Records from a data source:
╔══
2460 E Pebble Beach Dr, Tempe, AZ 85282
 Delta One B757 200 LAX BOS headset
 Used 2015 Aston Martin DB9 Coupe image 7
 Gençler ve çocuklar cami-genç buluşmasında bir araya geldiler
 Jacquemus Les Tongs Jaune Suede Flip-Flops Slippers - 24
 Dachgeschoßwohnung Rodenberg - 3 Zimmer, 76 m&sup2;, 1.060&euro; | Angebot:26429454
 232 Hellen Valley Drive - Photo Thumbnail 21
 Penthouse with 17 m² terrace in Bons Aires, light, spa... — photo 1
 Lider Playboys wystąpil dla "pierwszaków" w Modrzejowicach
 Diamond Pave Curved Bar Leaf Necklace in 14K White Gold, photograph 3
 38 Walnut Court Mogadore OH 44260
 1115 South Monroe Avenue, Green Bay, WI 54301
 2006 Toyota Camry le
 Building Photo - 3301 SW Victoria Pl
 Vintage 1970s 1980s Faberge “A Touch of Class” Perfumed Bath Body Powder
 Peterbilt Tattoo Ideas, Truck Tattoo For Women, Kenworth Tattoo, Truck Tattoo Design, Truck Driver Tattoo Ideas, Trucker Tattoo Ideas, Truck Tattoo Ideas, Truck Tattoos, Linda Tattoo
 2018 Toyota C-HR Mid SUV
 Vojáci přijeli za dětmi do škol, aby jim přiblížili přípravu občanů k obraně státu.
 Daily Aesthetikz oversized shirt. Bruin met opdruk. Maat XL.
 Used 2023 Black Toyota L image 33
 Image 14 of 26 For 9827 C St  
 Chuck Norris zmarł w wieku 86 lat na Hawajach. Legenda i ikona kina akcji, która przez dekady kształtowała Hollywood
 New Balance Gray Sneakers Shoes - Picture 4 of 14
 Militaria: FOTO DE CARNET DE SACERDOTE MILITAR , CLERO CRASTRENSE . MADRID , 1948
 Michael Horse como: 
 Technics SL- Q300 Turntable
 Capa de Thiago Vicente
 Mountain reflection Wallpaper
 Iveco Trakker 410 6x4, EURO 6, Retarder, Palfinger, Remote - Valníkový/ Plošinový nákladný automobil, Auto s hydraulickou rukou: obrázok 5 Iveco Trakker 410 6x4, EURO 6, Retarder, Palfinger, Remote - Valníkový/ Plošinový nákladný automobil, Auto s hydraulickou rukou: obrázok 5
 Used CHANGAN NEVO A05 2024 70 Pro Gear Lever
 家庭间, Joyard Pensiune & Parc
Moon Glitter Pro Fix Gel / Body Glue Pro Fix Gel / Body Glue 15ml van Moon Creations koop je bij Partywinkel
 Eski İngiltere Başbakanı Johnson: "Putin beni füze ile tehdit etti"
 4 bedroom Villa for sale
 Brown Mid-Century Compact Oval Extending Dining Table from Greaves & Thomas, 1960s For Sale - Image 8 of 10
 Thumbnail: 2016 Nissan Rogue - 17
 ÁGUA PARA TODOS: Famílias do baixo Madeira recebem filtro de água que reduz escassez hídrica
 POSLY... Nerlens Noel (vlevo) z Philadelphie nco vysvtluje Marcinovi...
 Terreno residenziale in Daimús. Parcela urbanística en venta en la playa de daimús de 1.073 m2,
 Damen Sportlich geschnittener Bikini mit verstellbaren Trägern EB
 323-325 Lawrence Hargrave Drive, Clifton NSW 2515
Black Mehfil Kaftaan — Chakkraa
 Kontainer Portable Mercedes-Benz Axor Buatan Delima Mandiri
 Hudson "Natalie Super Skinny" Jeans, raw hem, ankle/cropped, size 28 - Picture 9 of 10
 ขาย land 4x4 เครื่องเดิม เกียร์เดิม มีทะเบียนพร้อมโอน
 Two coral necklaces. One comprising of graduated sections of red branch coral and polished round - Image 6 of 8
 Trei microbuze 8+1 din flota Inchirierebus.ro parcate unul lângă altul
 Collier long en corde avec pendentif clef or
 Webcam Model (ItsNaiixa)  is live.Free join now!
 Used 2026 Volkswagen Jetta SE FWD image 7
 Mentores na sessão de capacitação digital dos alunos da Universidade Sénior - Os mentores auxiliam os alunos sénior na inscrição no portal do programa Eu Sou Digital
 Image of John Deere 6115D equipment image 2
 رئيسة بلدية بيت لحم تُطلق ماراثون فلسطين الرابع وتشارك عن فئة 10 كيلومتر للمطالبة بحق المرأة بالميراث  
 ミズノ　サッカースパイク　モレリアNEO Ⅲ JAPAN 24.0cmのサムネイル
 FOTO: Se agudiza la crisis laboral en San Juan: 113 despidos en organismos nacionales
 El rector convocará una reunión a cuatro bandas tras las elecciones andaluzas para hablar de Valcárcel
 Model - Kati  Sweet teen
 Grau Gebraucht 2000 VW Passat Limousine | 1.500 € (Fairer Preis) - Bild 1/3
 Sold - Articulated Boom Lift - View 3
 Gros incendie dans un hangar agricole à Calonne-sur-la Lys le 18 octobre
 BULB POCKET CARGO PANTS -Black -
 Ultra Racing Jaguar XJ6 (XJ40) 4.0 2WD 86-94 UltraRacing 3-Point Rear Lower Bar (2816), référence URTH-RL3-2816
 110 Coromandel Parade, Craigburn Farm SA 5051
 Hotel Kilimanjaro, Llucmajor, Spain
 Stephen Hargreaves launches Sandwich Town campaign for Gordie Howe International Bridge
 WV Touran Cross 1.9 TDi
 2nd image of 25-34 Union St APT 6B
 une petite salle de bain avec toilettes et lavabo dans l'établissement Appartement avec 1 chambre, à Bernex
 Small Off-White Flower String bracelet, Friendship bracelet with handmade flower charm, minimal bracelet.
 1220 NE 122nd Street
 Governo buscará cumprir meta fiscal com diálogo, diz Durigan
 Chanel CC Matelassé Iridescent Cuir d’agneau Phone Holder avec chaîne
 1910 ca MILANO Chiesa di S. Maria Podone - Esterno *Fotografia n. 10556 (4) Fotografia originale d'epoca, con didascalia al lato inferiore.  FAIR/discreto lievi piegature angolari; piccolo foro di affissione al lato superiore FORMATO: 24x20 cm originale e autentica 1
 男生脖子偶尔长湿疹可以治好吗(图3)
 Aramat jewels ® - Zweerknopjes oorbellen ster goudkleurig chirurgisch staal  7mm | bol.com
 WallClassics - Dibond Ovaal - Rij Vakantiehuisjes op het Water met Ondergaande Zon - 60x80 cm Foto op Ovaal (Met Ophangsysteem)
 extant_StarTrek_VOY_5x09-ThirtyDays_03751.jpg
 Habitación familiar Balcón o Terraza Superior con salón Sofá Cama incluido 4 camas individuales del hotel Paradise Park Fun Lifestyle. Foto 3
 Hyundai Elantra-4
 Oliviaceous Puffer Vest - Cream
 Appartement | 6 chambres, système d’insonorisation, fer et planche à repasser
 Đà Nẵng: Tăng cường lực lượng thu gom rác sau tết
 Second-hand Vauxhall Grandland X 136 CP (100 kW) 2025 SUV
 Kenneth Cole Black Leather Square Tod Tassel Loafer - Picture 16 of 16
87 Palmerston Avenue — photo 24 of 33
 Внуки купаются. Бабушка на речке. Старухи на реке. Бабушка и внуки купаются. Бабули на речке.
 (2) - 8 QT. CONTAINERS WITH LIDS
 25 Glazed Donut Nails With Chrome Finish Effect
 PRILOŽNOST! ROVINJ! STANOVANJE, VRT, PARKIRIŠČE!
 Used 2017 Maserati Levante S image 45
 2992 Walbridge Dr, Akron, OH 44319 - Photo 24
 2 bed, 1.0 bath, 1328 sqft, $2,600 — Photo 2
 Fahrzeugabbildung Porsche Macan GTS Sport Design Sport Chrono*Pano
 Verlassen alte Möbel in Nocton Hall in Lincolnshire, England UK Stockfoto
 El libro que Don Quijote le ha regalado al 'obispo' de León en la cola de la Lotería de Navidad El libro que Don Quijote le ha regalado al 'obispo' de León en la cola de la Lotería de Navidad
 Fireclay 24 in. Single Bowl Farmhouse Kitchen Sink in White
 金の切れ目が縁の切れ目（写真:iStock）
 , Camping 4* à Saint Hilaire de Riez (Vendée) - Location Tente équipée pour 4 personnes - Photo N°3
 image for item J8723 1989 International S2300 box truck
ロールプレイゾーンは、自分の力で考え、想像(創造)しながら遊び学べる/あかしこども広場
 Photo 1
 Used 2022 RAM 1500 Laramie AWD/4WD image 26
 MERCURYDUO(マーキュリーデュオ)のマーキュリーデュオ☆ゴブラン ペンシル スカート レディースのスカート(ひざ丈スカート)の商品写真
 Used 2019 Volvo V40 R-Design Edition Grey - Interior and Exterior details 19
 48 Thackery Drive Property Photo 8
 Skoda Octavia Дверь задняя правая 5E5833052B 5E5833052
╚══
▶ [PROBLEM STATEMENT]: For the word "Thumbnail", how many lines in the records above contain it? Answer with the number and nothing else.

▶ [RESPONSE BELOW]: 2